■ EXERCISE INSTRUCTIONS ■
Restate all the data word for word and omit the pictures.

[[ COLLECTED MATERIAL, beginning ]]

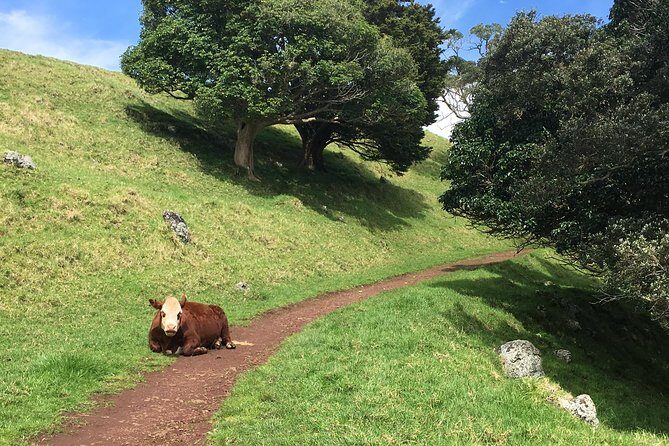 Shore Excursion: Half-Day Auckland Volcanoes Tour - Stop 1: Achilles Point for Hauraki Gulf views and early settlement stories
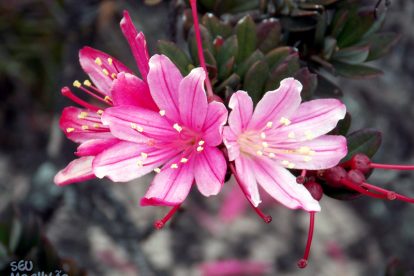 Monte Roraima – Flora e Fauna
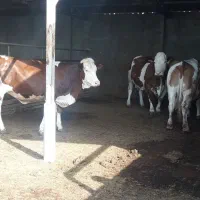 فروش گوساله پرواری|حیوانات مزرعه|شیروان (خراسان), |دیوار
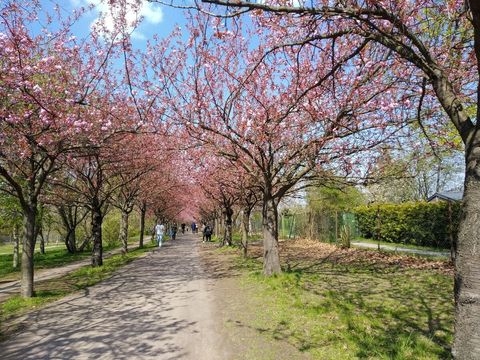 Only 20 minutes walk away from the apartment is the "Kirschblütenpfad" (cherry blossom path), where every April you can watch a beautiful spectacle of pink petals.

[[ COLLECTED MATERIAL, end ]]

■ RESULT ■
 Shore Excursion: Half-Day Auckland Volcanoes Tour - Stop 1: Achilles Point for Hauraki Gulf views and early settlement stories
 Monte Roraima – Flora e Fauna
 فروش گوساله پرواری|حیوانات مزرعه|شیروان (خراسان), |دیوار
 Only 20 minutes walk away from the apartment is the "Kirschblütenpfad" (cherry blossom path), where every April you can watch a beautiful spectacle of pink petals.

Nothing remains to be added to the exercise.